American Times: Washington - Locals' last stand for green spot with a m ucky pond
IN THE secluded western suburbs of Washington, not a million miles from the CIA headquarters at Langley, it's not presidential sex that gets them going, but "sprawl". Urban sprawl is the newly appointed Public Enemy Number One, and nothing exemplifies the fight against it better than McLean's last stand for Evans Farm.
For a month, the local press has trumpeted the cause of the 24-acre tract on the edge of the upmarket Virginia suburb of McLean. What caused the rush of media concern was a report that Ralph Evans, whose family has owned the farm for half a century, was about to sell up, and out, to developers.
This rustic haven was about to be concreted over and absorbed into "the suburbs".
The people of McLean came forward as one to regale reporters with their fond recollections of Sunday visits to the farm, of feeding the ducks, of their delight in the only green space left for miles, of the haven that Evans Farm provided. Unable to afford a buy-out themselves, they wanted the county to buy the farm, or to slap a conservation order on it - anything to save it for "our children and their children, and their children".
My sympathies were with them all the way. In the 20 years since I first visited the Washington area, suburban development has blighted swathes of Maryland and northern Virginia. Thousands of acres of farmland have been built on and over. The landscape between Fairfax, to the south-west of Washington, and Baltimore, to the north-east, which had been rolling agricultural land, dotted with trees and white and red clapboard barns, is no more.

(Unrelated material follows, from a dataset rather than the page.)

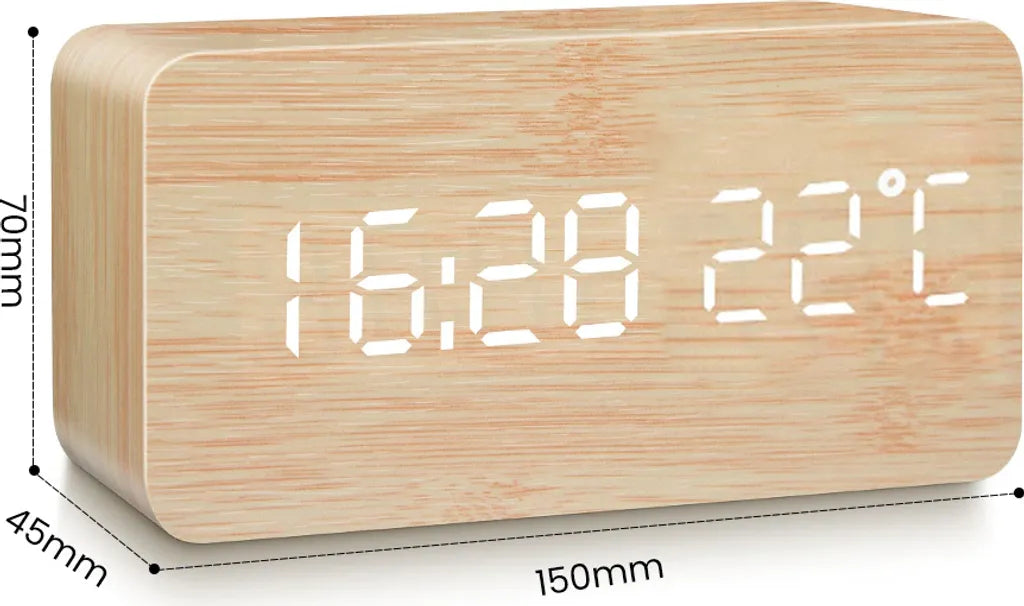  Digitaler Wecker Holz Holzoptik 3D LED Digital Digitaluhr Wanduhr Datum Temperatur 12h 24h USB Alarm Clock Schlafzimmer Büro Dimmbar Zeit Uhr Retoo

Now, after a decade that has seen some of the most intensive development anywhere in the United States, it is the beneficiaries of the building who are starting to call "foul". Hooray, I thought. And it was in such a joyous frame of mind that I set off for Evans Farm.

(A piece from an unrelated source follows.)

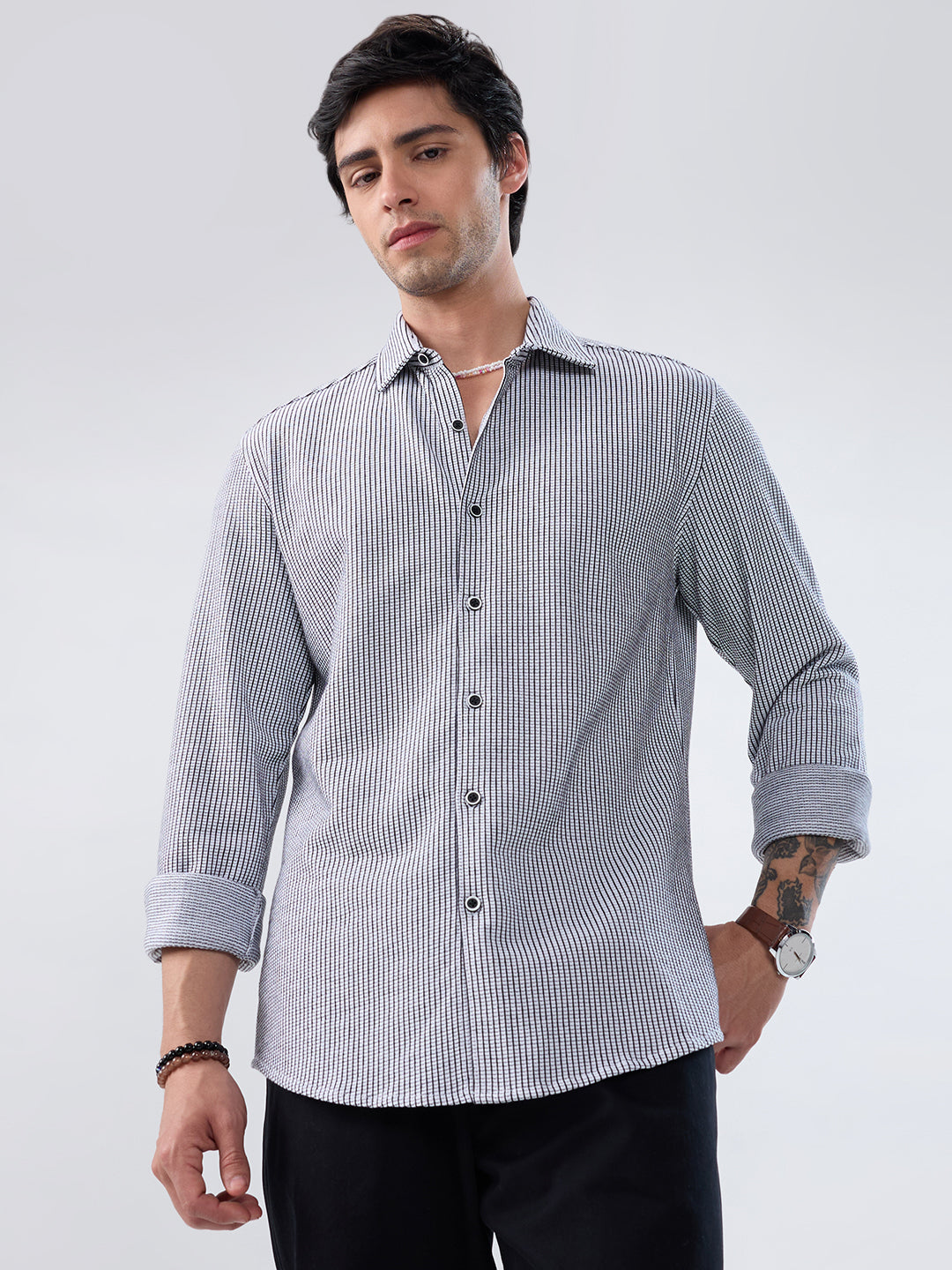 White Grid Textured Knitted Shirt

How wrong can you be. Evans Farm is a last vestige of green space, but is hardly holding the line against development. It is surrounded on every side by housing developments or roads.

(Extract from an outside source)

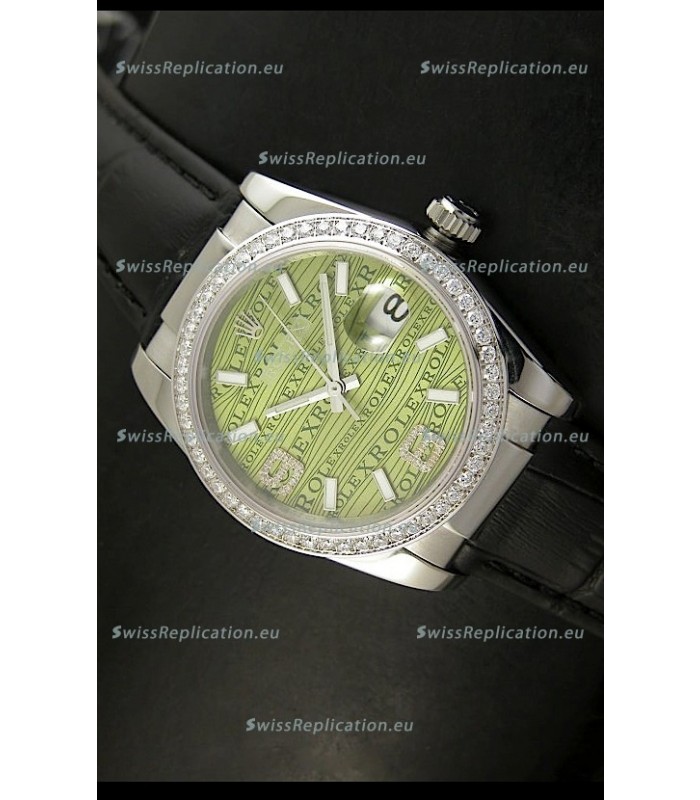 Rolex Replica Datejust Swiss Replica Watch - 37MM - Black Strap Green Dial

Inside the farm fence, the whinneying of the horses is drowned out by the constant roar of cars. The duckpond could do with a clean, but had nothing on the henhouses, whose general state of decay would not disgrace an old Eastern-bloc zoo. The arable fields are less farm than market-garden, and neglected at that. And, always, the whoosh of those cars ...
Evans Farm has a "farm" restaurant and a clutch of shops - a gallery, and a "doll shoppe" where the prices run to hundreds of dollars. There were a few visitors, mainly nannies pushing their charges in prams. A couple of children patted the bristly pigs and quacked back at the ducks but they hardly represented a quorum of locals.
Ralph Evans says the restaurant, which uses the farm produce, does not make enough money to offset his taxes, and he does not qualify for "working- farm" tax breaks. "It's like a public park", he said, "except that I pay all the bills."
Mr Evans says he has agreed the number of houses that will be built and landscaping that will preserve the inn and the pond. That will jack up the prices of the finished houses nicely, so the developers cannot be too displeased.
But the fact is that the bulldozers, when they come, will be less the "fault" of Ralph Evans than the logical consequence of McLean's unrestrained growth. And the "Save Evans Farm" resistance movement that has posted hand-painted signs on the approach roads and packed a local school hall with protesters, has as much interest in property values, commuting times and a "free" local attraction as it does in the landscape.
In future, I will happily add my signature to petitions for the big wide spaces of Virginia and Maryland, but I cannot make a case for saving Evans Farm.